Atlantic senior writer Coates (The Beautiful Struggle: A Father, Two Sons, and an Unlikely Road to Manhood, 2008) offers this eloquent memoir as a letter to his teenage son, bearing witness to his own experiences and conveying passionate hopes for his son’s life. “I am wounded,” he writes. “I am marked by old codes, which shielded me in one world and then chained me in the next.” Coates grew up in the tough neighborhood of West Baltimore, beaten into obedience by his father. “I was a capable boy, intelligent and well-liked,” he remembers, “but powerfully afraid.” His life changed dramatically at Howard University, where his father taught and from which several siblings graduated.

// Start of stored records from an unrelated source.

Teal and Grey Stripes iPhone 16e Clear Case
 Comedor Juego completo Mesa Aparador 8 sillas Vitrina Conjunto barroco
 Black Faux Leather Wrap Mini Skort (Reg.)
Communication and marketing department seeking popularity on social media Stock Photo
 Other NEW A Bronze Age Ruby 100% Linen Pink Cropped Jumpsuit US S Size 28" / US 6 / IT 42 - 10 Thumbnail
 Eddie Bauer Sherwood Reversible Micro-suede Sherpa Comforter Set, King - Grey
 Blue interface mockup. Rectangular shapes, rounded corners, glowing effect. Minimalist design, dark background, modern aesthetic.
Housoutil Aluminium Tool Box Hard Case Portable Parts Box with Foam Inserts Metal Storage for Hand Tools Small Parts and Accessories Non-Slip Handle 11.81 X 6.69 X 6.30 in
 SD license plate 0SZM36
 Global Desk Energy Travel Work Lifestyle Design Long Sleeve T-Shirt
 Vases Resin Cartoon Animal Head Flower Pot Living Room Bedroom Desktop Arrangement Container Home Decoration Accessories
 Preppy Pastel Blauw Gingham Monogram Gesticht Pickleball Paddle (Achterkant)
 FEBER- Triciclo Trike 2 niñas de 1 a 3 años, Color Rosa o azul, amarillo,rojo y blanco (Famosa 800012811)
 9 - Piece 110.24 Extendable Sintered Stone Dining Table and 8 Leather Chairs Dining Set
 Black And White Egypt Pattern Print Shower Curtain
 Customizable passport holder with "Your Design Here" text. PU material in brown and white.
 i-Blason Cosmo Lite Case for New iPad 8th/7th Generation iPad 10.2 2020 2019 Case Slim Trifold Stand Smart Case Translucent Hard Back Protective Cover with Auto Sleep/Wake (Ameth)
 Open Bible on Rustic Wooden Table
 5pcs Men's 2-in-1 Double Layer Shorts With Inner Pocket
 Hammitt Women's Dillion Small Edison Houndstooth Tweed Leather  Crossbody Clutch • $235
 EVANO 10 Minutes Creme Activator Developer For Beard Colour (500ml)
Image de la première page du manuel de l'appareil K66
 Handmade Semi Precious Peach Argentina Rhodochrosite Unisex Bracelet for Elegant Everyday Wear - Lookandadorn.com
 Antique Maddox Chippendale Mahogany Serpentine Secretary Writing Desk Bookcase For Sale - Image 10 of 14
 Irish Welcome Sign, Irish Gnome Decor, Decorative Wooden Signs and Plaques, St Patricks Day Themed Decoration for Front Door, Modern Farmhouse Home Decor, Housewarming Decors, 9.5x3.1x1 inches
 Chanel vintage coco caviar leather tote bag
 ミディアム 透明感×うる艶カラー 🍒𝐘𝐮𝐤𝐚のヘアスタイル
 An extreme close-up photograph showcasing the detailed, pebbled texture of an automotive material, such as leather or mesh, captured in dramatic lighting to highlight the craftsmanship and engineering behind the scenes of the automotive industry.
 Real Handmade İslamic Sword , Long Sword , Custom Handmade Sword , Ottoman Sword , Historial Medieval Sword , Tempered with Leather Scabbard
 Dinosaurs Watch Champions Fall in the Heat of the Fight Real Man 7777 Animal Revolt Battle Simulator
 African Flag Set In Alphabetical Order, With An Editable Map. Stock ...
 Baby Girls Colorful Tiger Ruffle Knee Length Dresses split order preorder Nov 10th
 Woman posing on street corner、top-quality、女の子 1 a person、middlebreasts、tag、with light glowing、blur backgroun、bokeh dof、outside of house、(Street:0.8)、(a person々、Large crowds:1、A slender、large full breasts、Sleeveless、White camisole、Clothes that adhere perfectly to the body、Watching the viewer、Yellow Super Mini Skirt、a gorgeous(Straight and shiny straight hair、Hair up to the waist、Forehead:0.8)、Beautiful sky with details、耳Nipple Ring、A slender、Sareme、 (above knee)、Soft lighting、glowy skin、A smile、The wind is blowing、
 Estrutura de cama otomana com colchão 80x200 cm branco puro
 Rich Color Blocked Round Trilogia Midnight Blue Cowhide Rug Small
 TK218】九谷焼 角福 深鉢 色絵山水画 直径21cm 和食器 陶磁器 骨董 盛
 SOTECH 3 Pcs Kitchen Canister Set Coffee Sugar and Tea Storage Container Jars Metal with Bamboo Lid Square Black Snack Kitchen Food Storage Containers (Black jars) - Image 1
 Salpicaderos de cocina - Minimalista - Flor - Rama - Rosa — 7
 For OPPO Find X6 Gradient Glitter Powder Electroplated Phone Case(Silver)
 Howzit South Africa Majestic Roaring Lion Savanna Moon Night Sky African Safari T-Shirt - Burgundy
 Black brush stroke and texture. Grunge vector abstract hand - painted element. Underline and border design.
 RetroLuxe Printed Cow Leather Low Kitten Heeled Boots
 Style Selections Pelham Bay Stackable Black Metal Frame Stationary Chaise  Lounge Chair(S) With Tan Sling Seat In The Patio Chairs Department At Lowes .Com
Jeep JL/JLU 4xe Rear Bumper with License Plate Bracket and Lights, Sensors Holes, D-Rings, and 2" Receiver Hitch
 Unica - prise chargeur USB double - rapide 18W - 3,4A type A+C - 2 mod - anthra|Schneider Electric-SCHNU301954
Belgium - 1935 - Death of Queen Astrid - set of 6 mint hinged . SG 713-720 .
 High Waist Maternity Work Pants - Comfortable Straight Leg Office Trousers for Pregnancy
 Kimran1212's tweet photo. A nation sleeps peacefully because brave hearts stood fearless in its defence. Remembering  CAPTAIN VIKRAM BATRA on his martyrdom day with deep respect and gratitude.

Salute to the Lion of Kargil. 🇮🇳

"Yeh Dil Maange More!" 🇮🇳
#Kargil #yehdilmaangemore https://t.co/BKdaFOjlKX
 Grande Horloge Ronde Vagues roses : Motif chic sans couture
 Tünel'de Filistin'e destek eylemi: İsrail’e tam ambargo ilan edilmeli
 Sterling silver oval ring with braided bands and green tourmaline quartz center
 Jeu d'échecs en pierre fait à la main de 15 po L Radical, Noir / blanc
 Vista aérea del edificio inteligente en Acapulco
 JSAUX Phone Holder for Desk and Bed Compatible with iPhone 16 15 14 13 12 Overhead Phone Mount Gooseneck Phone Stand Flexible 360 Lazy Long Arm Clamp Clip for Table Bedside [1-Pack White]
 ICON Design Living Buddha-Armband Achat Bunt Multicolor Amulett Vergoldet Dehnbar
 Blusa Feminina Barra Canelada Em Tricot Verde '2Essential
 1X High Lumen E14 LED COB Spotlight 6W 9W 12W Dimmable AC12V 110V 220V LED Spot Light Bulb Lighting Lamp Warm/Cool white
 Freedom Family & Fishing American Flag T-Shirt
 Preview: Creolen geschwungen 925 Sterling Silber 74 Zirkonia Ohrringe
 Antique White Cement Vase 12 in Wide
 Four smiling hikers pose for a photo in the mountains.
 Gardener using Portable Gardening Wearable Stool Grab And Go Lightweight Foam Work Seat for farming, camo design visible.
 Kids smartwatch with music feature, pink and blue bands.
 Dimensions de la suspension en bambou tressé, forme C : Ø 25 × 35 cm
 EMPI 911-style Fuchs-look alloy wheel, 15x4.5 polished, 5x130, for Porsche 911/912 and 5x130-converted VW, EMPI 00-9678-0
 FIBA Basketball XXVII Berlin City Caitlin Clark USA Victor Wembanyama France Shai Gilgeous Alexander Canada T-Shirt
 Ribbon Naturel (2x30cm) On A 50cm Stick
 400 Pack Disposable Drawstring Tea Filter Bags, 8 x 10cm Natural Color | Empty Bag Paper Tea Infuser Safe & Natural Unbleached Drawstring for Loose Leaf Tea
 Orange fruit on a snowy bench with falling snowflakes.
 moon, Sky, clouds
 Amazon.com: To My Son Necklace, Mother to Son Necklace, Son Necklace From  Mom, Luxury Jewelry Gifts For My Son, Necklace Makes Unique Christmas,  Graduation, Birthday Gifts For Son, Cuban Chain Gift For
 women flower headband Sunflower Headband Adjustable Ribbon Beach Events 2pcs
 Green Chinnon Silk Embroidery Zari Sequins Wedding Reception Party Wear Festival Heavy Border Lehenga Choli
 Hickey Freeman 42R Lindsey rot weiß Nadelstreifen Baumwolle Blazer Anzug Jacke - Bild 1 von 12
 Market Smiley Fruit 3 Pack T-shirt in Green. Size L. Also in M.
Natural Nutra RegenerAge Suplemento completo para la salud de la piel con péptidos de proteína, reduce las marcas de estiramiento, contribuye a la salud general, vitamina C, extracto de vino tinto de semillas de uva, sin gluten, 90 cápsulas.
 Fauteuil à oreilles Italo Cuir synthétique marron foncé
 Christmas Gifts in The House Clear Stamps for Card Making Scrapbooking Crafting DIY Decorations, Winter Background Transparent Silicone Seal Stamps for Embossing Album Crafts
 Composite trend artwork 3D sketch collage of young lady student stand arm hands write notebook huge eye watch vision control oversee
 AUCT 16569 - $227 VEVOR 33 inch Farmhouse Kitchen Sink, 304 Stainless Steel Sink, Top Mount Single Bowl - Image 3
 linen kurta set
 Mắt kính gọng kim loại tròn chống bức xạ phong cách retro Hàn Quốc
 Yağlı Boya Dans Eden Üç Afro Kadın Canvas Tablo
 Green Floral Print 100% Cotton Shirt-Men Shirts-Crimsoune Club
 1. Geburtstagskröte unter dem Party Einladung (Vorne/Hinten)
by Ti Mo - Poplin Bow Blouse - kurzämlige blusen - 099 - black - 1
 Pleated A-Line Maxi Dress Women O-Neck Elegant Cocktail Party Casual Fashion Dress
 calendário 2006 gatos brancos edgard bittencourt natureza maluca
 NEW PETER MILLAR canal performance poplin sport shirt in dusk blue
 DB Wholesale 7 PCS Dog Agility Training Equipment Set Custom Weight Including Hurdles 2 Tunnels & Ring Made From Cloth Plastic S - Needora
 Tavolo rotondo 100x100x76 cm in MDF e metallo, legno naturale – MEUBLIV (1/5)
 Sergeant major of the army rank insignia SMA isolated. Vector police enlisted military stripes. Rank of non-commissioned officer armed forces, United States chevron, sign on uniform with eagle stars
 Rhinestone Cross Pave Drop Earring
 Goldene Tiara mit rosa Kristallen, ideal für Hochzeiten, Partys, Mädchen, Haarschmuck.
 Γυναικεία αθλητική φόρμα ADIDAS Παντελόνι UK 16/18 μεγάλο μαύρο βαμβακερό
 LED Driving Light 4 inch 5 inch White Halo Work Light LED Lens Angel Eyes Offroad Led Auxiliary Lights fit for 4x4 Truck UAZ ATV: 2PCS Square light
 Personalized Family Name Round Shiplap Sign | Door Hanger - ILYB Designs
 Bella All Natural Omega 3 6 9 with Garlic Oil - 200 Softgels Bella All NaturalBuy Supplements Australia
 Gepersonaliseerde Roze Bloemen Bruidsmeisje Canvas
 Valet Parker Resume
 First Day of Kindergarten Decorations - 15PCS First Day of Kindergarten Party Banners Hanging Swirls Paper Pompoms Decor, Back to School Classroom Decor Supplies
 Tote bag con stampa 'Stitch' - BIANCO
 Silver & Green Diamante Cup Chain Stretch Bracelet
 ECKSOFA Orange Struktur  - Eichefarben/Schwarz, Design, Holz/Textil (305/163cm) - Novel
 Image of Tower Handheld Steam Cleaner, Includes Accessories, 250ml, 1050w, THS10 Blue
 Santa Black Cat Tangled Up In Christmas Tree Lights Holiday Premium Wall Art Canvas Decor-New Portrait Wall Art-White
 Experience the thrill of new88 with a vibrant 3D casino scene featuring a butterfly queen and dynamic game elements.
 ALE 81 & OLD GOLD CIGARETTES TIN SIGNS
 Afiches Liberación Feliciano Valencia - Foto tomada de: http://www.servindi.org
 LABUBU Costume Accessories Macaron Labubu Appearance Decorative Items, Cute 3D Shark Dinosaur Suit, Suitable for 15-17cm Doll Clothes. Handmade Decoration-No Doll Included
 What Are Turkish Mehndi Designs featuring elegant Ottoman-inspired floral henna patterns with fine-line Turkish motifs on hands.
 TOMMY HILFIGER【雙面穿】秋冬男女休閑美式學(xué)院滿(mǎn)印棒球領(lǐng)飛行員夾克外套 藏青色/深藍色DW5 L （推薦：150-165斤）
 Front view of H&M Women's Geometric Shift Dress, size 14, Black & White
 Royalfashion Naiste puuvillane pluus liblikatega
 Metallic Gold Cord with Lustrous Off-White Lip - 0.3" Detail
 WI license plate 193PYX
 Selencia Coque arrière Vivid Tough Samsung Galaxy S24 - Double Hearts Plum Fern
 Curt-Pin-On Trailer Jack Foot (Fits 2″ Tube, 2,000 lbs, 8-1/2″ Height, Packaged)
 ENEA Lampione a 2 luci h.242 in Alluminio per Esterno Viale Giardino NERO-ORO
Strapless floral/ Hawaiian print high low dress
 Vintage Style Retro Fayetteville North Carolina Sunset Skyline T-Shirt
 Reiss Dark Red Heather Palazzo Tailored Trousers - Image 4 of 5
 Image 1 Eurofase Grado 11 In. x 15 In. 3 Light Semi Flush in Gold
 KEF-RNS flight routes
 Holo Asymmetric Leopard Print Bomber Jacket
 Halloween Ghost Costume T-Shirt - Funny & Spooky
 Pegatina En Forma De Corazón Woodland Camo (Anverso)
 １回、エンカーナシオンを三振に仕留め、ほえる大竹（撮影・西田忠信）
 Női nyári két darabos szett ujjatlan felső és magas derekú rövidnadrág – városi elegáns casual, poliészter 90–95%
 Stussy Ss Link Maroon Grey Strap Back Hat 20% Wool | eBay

Howard, he writes, “had always been one of the most critical gathering posts for black people.” He calls it The Mecca, and its faculty and his fellow students expanded his horizons, helping him to understand “that the black world was its own thing, more than a photo-negative of the people who believe they are white.” Coates refers repeatedly to whites’ insistence on their exclusive racial identity; he realizes now “that nothing so essentialist as race” divides people, but rather “the actual injury done by people intent on naming us, intent on believing that what they have named matters more than anything we could ever actually do.” After he married, the author’s world widened again in New York, and later in Paris, where he finally felt extricated from white America’s exploitative, consumerist dreams. He came to understand that “race” does not fully explain “the breach between the world and me,” yet race exerts a crucial force, and young blacks like his son are vulnerable and endangered by “majoritarian bandits.” Coates desperately wants his son to be able to live “apart from fear—even apart from me.”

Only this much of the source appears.